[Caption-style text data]

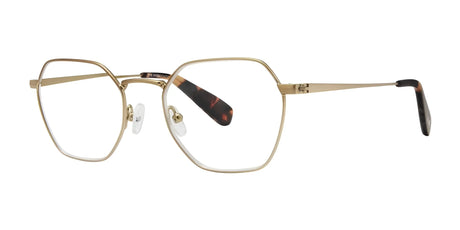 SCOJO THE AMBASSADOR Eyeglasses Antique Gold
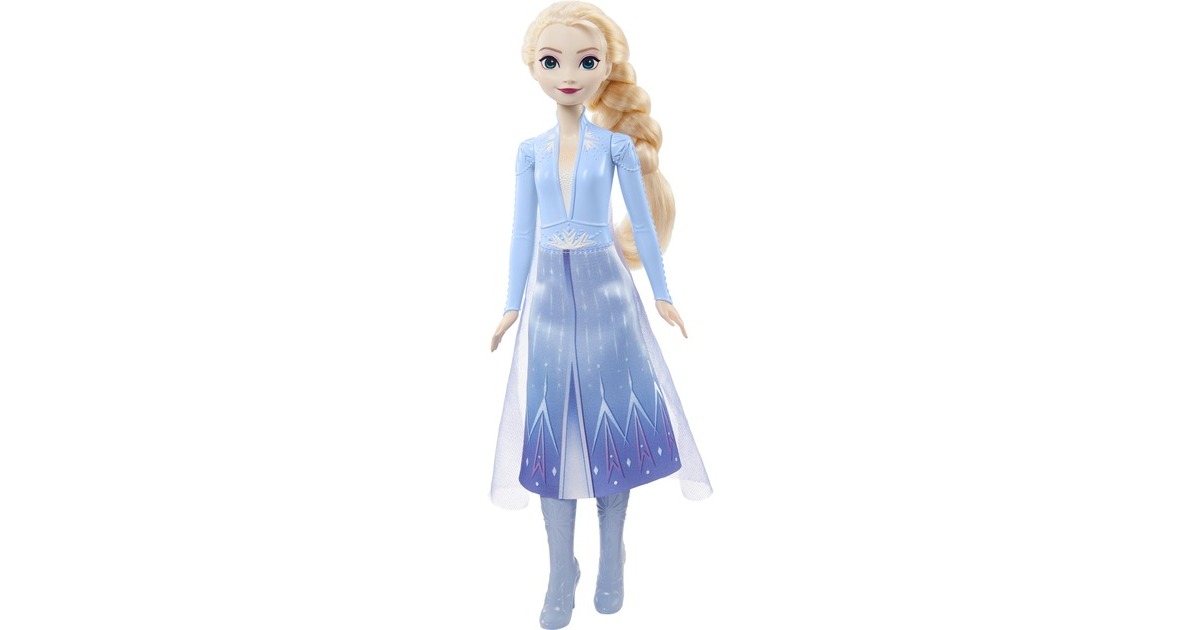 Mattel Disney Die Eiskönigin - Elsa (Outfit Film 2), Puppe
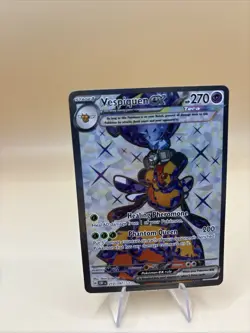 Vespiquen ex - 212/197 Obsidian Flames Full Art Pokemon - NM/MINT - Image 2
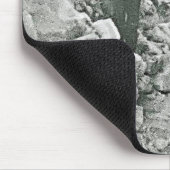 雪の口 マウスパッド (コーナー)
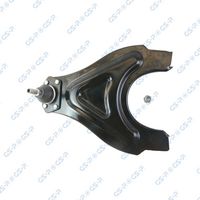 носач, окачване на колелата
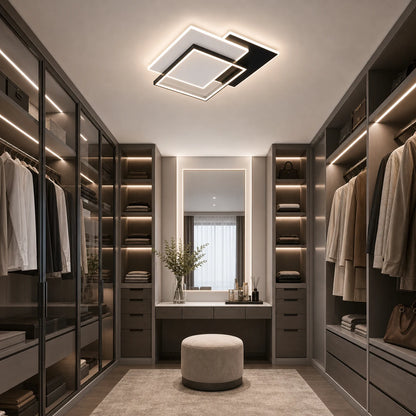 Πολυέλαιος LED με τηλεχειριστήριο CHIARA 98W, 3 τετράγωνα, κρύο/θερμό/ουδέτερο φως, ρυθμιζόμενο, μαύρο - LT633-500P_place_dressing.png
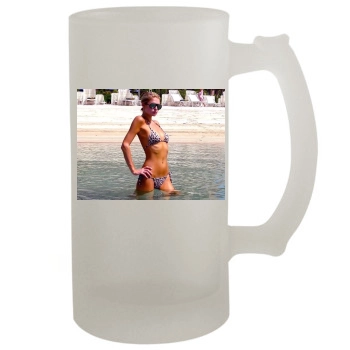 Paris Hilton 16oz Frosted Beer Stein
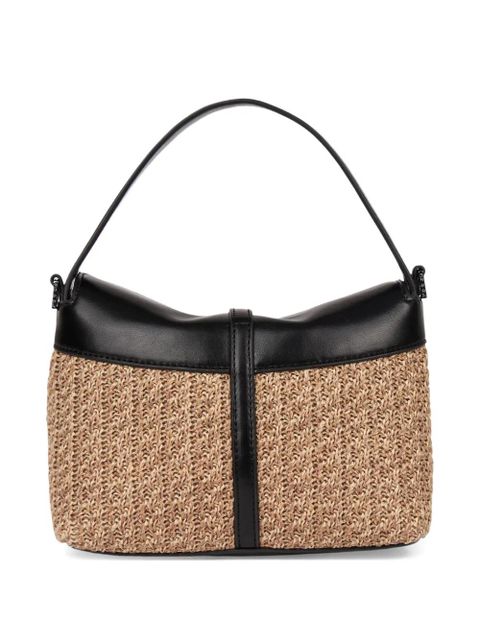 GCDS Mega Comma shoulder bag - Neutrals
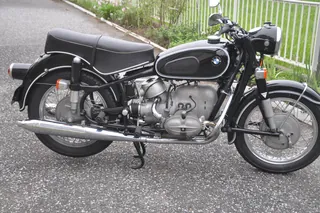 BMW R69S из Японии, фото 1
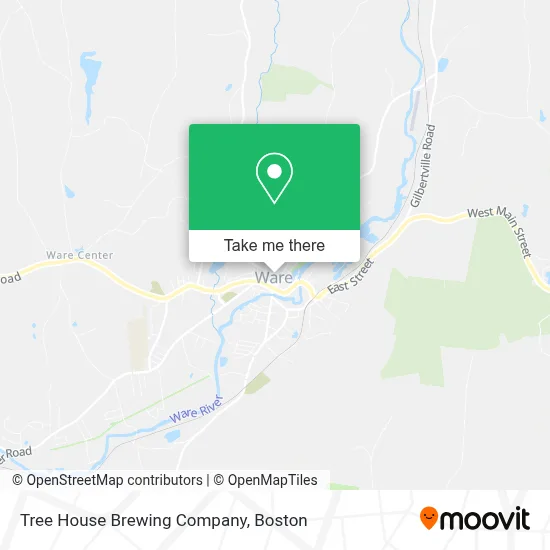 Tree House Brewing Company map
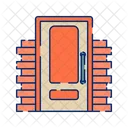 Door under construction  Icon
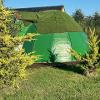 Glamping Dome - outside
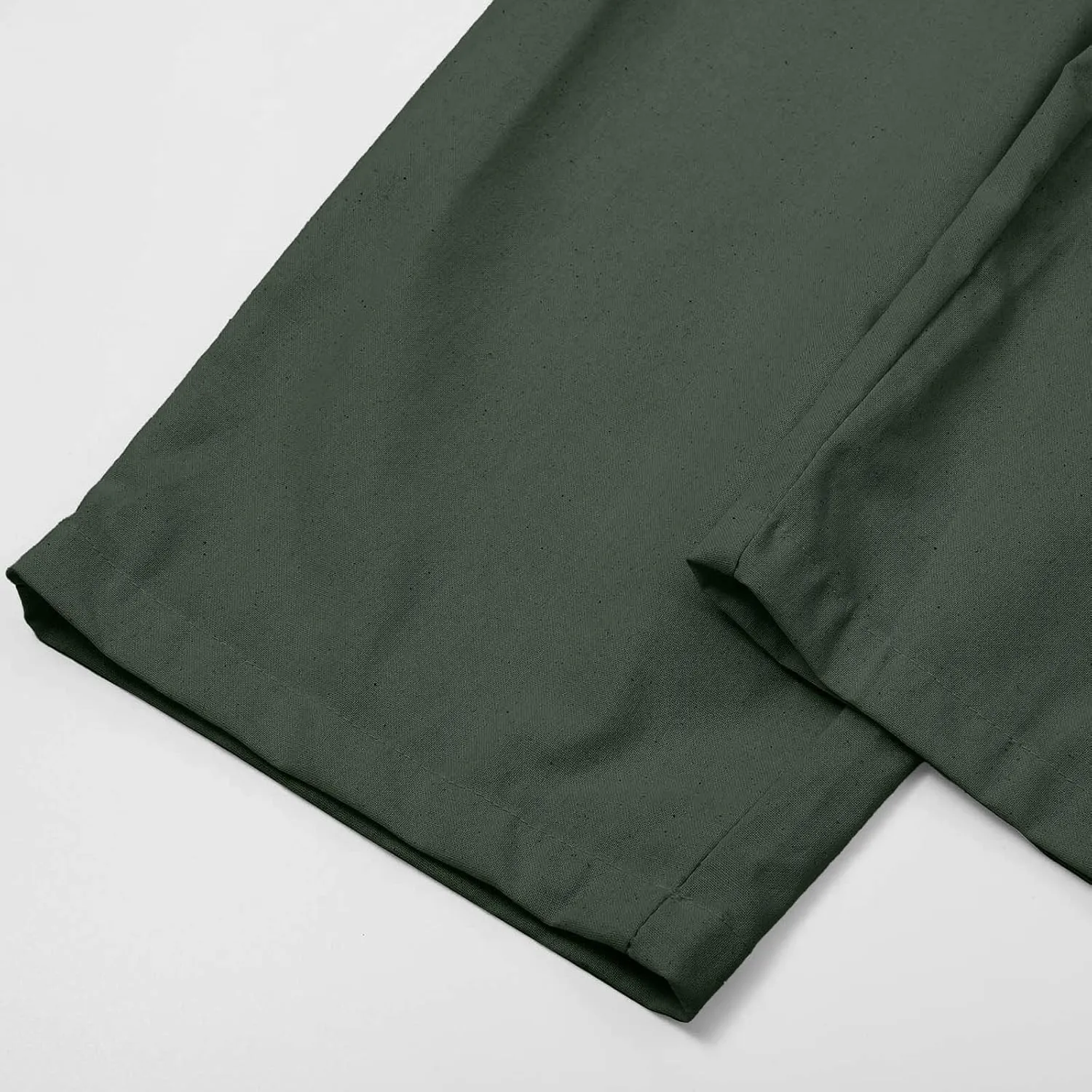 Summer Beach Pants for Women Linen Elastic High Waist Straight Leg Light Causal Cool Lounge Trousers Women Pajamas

# [PROBLEM DETAILS]
Each entry above should be copied word for word, with the images omitted.

# [ANSWER TO THIS PROBLEM]
 SCOJO THE AMBASSADOR Eyeglasses Antique Gold
 Mattel Disney Die Eiskönigin - Elsa (Outfit Film 2), Puppe
 Vespiquen ex - 212/197 Obsidian Flames Full Art Pokemon - NM/MINT - Image 2
 雪の口 マウスパッド (コーナー)
 носач, окачване на колелата
 Πολυέλαιος LED με τηλεχειριστήριο CHIARA 98W, 3 τετράγωνα, κρύο/θερμό/ουδέτερο φως, ρυθμιζόμενο, μαύρο - LT633-500P_place_dressing.png
 Paris Hilton 16oz Frosted Beer Stein
 GCDS Mega Comma shoulder bag - Neutrals
 BMW R69S из Японии, фото 1
 Tree House Brewing Company map
 Door under construction  Icon
 Glamping Dome - outside
 Summer Beach Pants for Women Linen Elastic High Waist Straight Leg Light Causal Cool Lounge Trousers Women Pajamas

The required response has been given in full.